Commissioners should hold authority accountable
For decades, the Marin Housing Authority has failed to fulfill its responsibilities to manage and maintain the Golden Gate Village public housing community in Marin City. Yet the authority’s Board of Commissioners — consisting primarily of Marin County supervisors — appears poised to give the Marin Housing Authority the job of the revitalization and continued management of the property when they vote during Tuesday’s meeting.
Do supervisors actually think that the housing authority will follow through on its promises when it has not done so in several decades?
I can’t help but wonder if there would be a different outcome if the Housing Authority Commission was made up of members chosen for their interest in and knowledge of housing issues. The supervisors are overburdened with the overwhelming number of county decisions. I fear they will continue to “rubber stamp” whatever the Marin Housing Authority suggests in order to clear their docket, get the U.S. Housing and Urban Development Department off their backs and silence the will of the many people who are speaking up in favor of more say for residents.
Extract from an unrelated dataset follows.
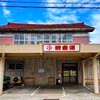 観音湯｜入善｜湯活レポート（銭湯編）vol.847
I urge the commissioners to act bravely and hold the Marin Housing Authority accountable for its past performance.
— Kate Levinson, Inverness
Screening for anxiety could become problematic
I’m worried that an article republished by the Marin IJ and produced by an independent news source called The Conversation moves us one more step toward pathologizing normal human feelings (“Anxiety detection and treatment in early childhood can lower risk for long-term mental health issues,” Oct. 31).
“Screening” for anxiety is not without its downsides, just as Dr. Nortin M. Hadler pointed out in his book “The Last Well Person,” vis-a-vis screening for various physical disorders. Too often, such screenings result in treatments which are unnecessary or even harmful.
In his book “Saving Normal,” Allen Frances noted how the proliferation of mental disorders catalogued in the fifth edition of the American Psychiatric Association’s Diagnostic and Statistical Manual of Mental Disorders has led to an attitude in which any unwelcome feelings lead to attempts to eliminate those feelings. We must recognize that feelings — especially anxiety — are vitally important signals deserving of our attention, not their elimination.
If a child has a temperature of 104 degrees, we usually can reduce that with aspirin or acetaminophen. However, we still need to ask, “What is causing the body to spike this fever?” Likewise, with anxiety, we must ask, “What is making this child anxious?”
Just as an infection can lead to a fever (a normal, healthy response), there are many events in children’s lives that can leave them feeling anxious. Medications designed to blunt anxiety or behavioral interventions that teach children to ignore or dismiss anxiety miss the point. Anxiety is a red flag, alerting us that something needs our attention. The screening recommended in the article (16 questionnaire items) attends only to surface behaviors and ignores their causes. That leaves me anxious.
— Paul M. Brinich, San Rafael
State leaders are bullies on housing expansion
Bullying is a common concern among educators in our public schools. Teachers and students attend anti-bullying workshops and counseling is offered to children distressed by bullies, yet the problem persists.
Perhaps this is because we adults are not setting a good example. We’re being pushed by the state Legislature to create an unrealistic, unsustainable amount of new housing or face punishing fines. This is bullying. We are being bullied.
We don’t have enough water for existing residents, and this is a problem statewide due to ongoing drought. There is no extra potable water anywhere. Fallowing farmland to sell water will create food shortages and increased costs for what food does get grown. Yet state leaders would have us build housing in spite of not having this vital resource.
I was heartened to read Susan Kirsch’s recently published Marin Voice commentary urging cities and counties to sue the state to stop this bullying madness (“Save the city, sue the state and keep housing decisions under local control,” Oct. 25). I hope this succeeds and restores sanity to planning for appropriate and sustainable housing numbers.
I’m reminded of the buildings I saw in the Southwest built by Anasazi people — the dwellings were never inhabited because drought eliminated the water residents would have needed to inhabit them. Is this our future too?